We recently migrated our bare metal databases to Google Cloud Platform. To do that, our Google rep recommended a tool called CloudEndure. I mentioned this to some peers and figured it would be helpful to share a review of the product more broadly.
In short: It’s pretty amazing and once it works it works wonderfully.
CloudEndure can replicate from bare metal or cloud to cloud for migrations or DR. They do a block level migration of the base drive. For moving data to the cloud that meant that once the data was there, at any time I could spin up a “replica” which would begin running as a rebooted server on the disk at the point in time that the last update was made. This made testing and completing a migration of two database servers many hours less work than it would have been to set up slaves.
Their support is very responsive and very helpful as well.
We didn’t have to pay for this service. Google provides it for “free” to get you into their cloud. I still had to pay for the resources used by the replicator in GCP, of course. I learned from another company that outside Google their cost is something like $115/instance/month with a minimum commitment of 10 instances. That’s pretty steep for ongoing disaster recovery.
There were some things I think they could improve:
- The sales pipeline was silly long. Like they felt they needed to keep me in the pipeline. I talked to two different sales people over the course of a week before they would give me access to the tool to start using it. I had already decided to “buy” when I contacted them.

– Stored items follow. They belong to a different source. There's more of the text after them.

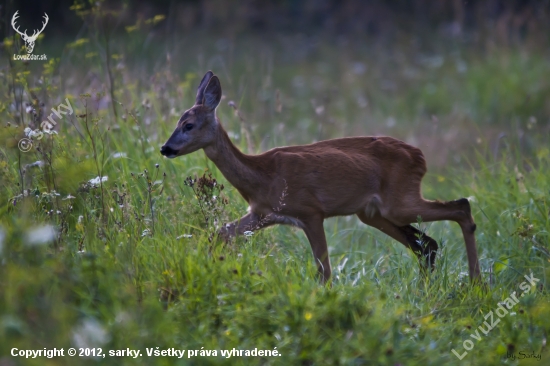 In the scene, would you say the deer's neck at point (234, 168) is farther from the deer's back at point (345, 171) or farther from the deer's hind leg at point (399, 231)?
the deer's hind leg at point (399, 231)

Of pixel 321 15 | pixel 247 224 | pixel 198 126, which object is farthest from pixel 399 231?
pixel 321 15

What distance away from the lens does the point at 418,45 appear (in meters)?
17.0

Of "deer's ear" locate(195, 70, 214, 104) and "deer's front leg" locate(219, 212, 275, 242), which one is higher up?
"deer's ear" locate(195, 70, 214, 104)

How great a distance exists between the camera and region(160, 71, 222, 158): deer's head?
521 centimetres

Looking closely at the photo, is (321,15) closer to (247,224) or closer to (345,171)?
(345,171)

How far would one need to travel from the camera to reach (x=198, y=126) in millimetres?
5363

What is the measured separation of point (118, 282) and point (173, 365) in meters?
0.71

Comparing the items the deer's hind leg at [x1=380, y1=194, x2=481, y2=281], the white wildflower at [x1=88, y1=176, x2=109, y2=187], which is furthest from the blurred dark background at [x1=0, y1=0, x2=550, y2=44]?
the white wildflower at [x1=88, y1=176, x2=109, y2=187]

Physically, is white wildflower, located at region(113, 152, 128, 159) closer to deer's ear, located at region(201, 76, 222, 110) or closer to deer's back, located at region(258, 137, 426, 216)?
deer's ear, located at region(201, 76, 222, 110)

- It took four days to get the initial 7TB of data migrated. They stated that was due to the limits of our outbound pipeline at our datacenter which may be true; I’ve never measured it.
- When we were writing at more than about 20MB/s the replicator lagged behind. Again, they said that they were limited by outbound bandwidth. Their UI wasn’t always clear what was going on, but their support was responsive.
- There were several quotas we had to increase in our GCP project to allow this to work. Fortunately, CloudEndure was responsive and let me know what the issue was the first time and Google increases quotas within about a minute of the request.
- Spinning up a replica can take a couple hours (it was 40 minutes in my first test and 2 hours in my final move.). I am sure it’s just because of all the data being moved around, but I was hoping for something faster. [As a note, when I later spun up new instances from snapshots of the migrated system in GCP it took about 20 minutes.]
- When I stopped replication it removed the agent from the source servers and cleaned up all the resources in GCP, but left the agent running on the replicas (where it had been migrated). I had to contact them to uninstall that manually.